Below, we’ve accumulated tips on how to put yourself in the right frame of mind to overcome job rejection.
One of the most important mental aspects behind job hunting is not pinning all of your hopes on one job. It’s easy to think “this job is absolutely perfect for me,” but if rejected, this type of thought can lead to depression. Instead of applying for the “perfect job,” try your best not to rank your applications until an answer is confirmed.
Hearing ‘no’ is always difficult. A simple way to make a ‘no’ more livable is by mentally turning it into something more positive. Rather than viewing a ‘no’ as a rejection, reframe it as putting you one step closer to a ‘yes.’ Keeping this Pollyanna mindset is sure to be challenging, but it certainly makes it easier to continue pushing forward on the job search.
Finally, in order to maintain a positive attitude, it’s critical to avoid blaming yourself for every ‘no.’ Just because you weren’t accepted for a job doesn’t make it your own fault; perhaps someone else was a better personality fit, the job was filled internally, or maybe the company cut back and ended up not filling the position at all. Because you are unlikely to discover the circumstances behind who (if anyone) received the position for which you applied, don’t berate yourself for things that are out of your control.
Although it’s important to not be upset with circumstances out of your control, it’s also important to recognize exactly what is within your control.
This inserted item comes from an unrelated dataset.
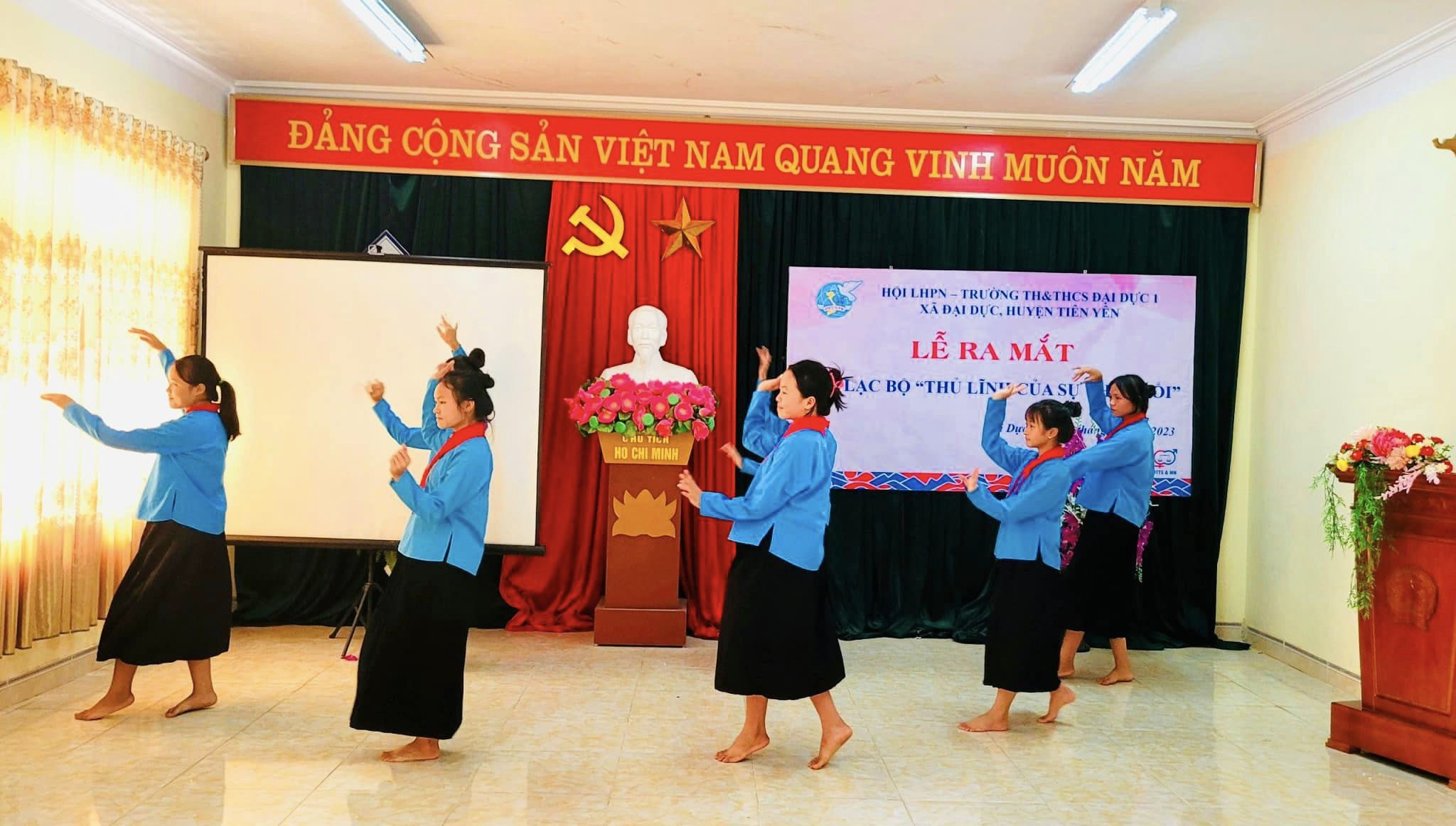 02 câu lạc bộ “Thủ lĩnh của sự thay đổi” đi vào hoạt động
If you receive a rejection after an interview that went well or an application that you felt was a particularly good fit, don’t be afraid to email the job coordinator asking for feedback. It’s perfectly acceptable to want to know what you can do better in future interviews - even if those interviews take place with an entirely separate company.
Steve, a Hiring Expert from Caterpillar, Inc. perfectly explains the best way to follow up with a contact: “I would first follow-up with an e-mail. This note should thank them for meeting with you and express that you found their guidance very helpful and are ready to progress forward with your job search. If after a couple of weeks they still do not respond, then follow up with a phone call. Again, the tone of the call should be grateful for any guidance or direction that they can provide.”1 Your interviewer might be busy enough that he or she doesn’t have time to respond to your email, but it doesn’t hurt to ask.
One thing you can control: how prepared you are for an interview. While you’ll feel silly, practicing answering potential interview questions on camera or in front of a mirror can be a great benefit to your job search. By doing so, you’ll not only gain practice developing a strong answer for routine questions, but you’ll also be able to view your posture and how your body moves as you speak. This will clue you in on anything that you might need to change.
If the job search begins to seem overwhelming, it might be time to take a breather. Stepping away from a problem almost always helps put it in perspective and makes it easier to find a solution. One note of caution: it’s crucial to not postpone the search for more than a few days - otherwise it’s all too easy to lose momentum.
Remember: when a door closes, somewhere else a window opens. Maintain a positive attitude and keep searching for your window. You will #getthatjob, it’s just a matter of time. And when you do, it’ll feel that much sweeter.